_Requirement_
Repeat the data that follows verbatim. Images are not part of the copy.
· · · · ·
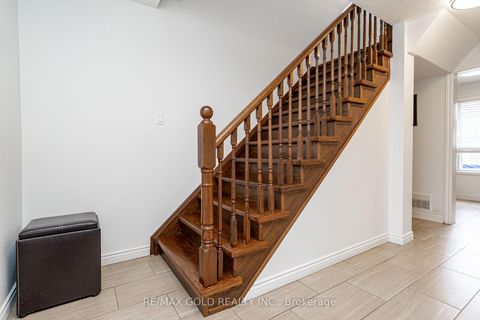 Photo 19 at 7632 Netherwood Road, Malton, Mississauga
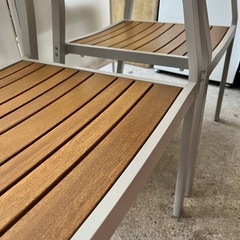 【武蔵小山店】〈2脚セット〉IKEA SJÄLLAND シェランド ガーデンチェア チェア ダイニングチェア スタッキングチェア スチール 木製座面 北欧デザイン 屋外 屋内 椅子 イス カフェチェア おしゃれ 中古家具 重ね置き 省スペース クッション 付き FRÖSÖN フローソーン SJALAND sjalland FROSON frosonの画像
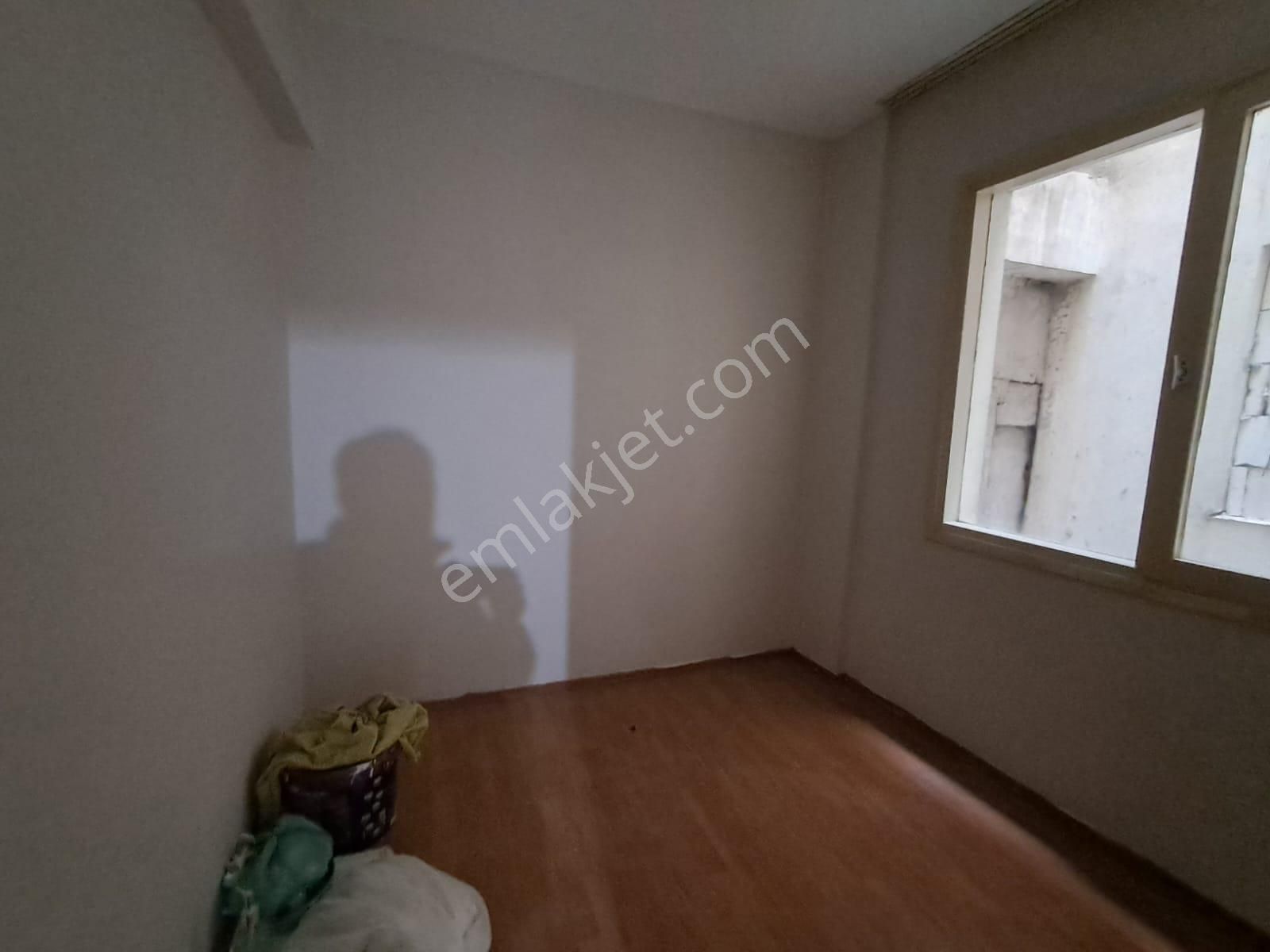 Kiralık İzmir Karşıyaka Bahçelievler Cevdet Bilsay Cad.üzeri 3+1 Daire - Görsel 6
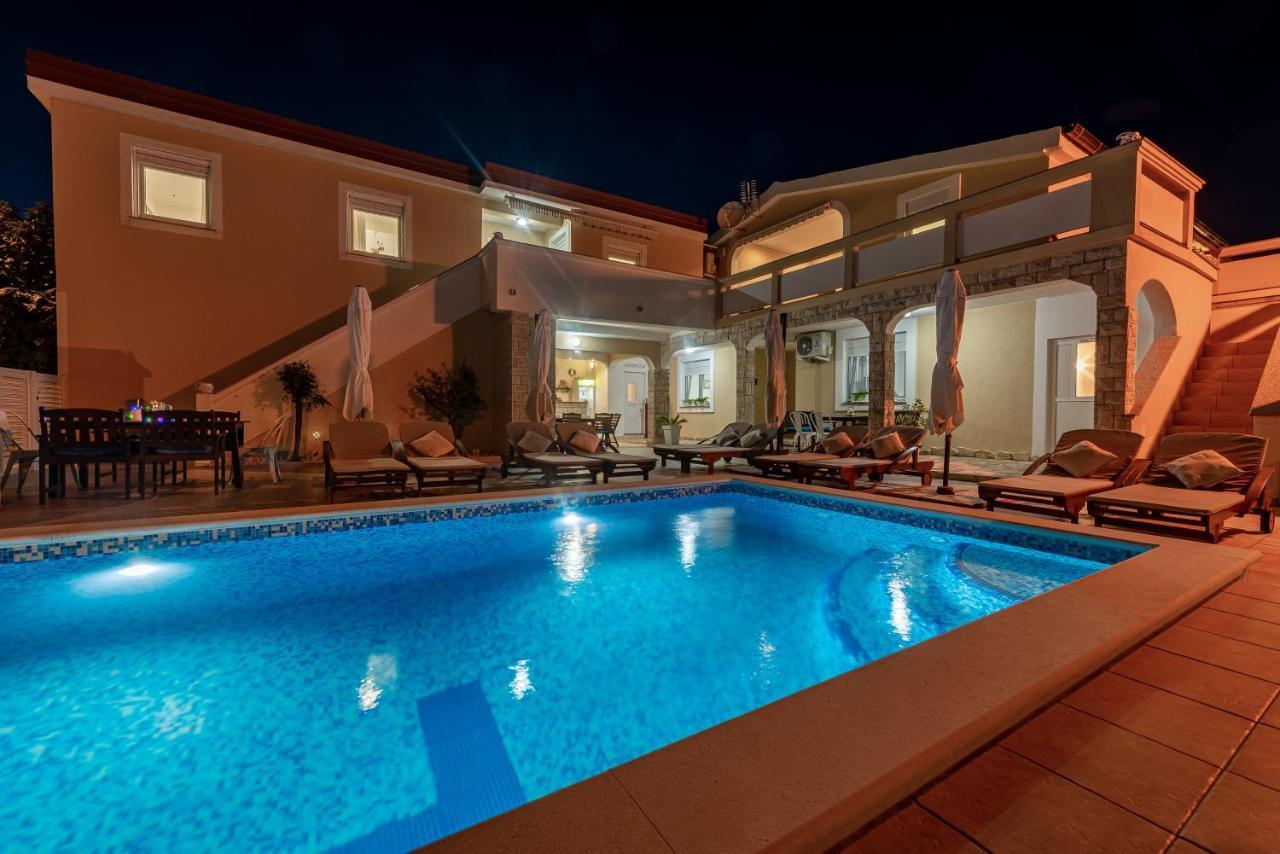 Villa Karmen - Poolhouse Vir Dış mekan fotoğraf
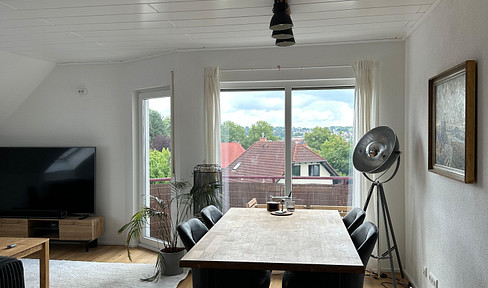 Schöne 3-Zi. Maisonettewohnung mit Ausblick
· · · · ·
_Expected answer_
 Photo 19 at 7632 Netherwood Road, Malton, Mississauga
 【武蔵小山店】〈2脚セット〉IKEA SJÄLLAND シェランド ガーデンチェア チェア ダイニングチェア スタッキングチェア スチール 木製座面 北欧デザイン 屋外 屋内 椅子 イス カフェチェア おしゃれ 中古家具 重ね置き 省スペース クッション 付き FRÖSÖN フローソーン SJALAND sjalland FROSON frosonの画像
 Kiralık İzmir Karşıyaka Bahçelievler Cevdet Bilsay Cad.üzeri 3+1 Daire - Görsel 6
 Villa Karmen - Poolhouse Vir Dış mekan fotoğraf
 Schöne 3-Zi. Maisonettewohnung mit Ausblick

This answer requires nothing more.